» Task statement
I'd like the full listing transcribed exactly, with no images included.
(Beginning of Provided material)
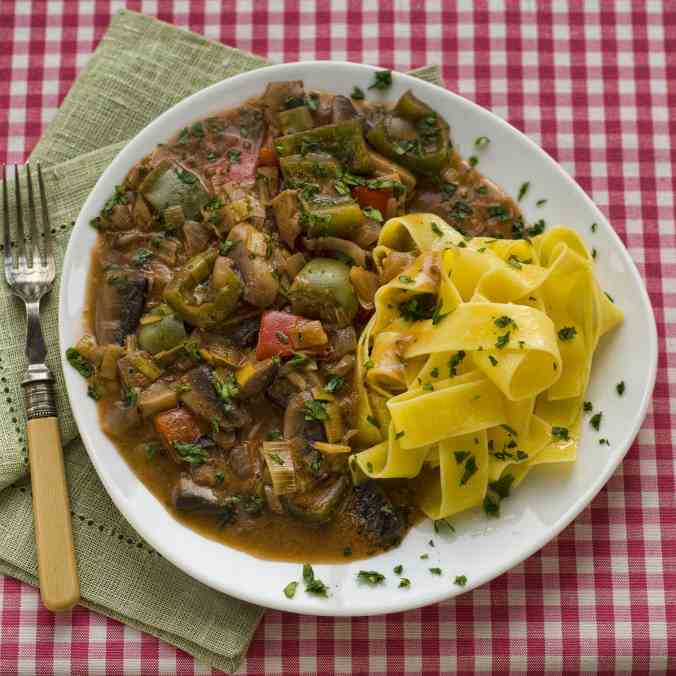 leek, mushroom and pepper stroganoff 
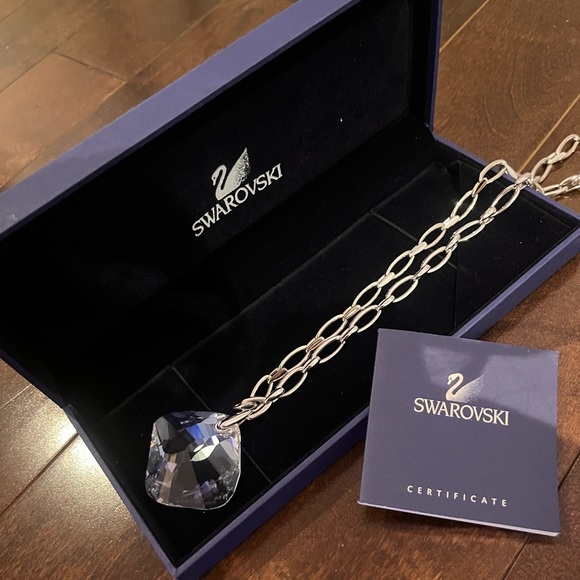 Authentic Swarovski pendant statement necklace - Picture 1 of 5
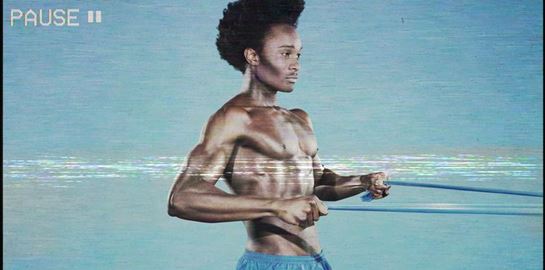 Μεταμόρφωσε μία προπόνηση με λάστιχα σε πλήρη συνεδρία με βάρη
(End of Provided material)
» Exercise result
 leek, mushroom and pepper stroganoff 
 Authentic Swarovski pendant statement necklace - Picture 1 of 5
 Μεταμόρφωσε μία προπόνηση με λάστιχα σε πλήρη συνεδρία με βάρη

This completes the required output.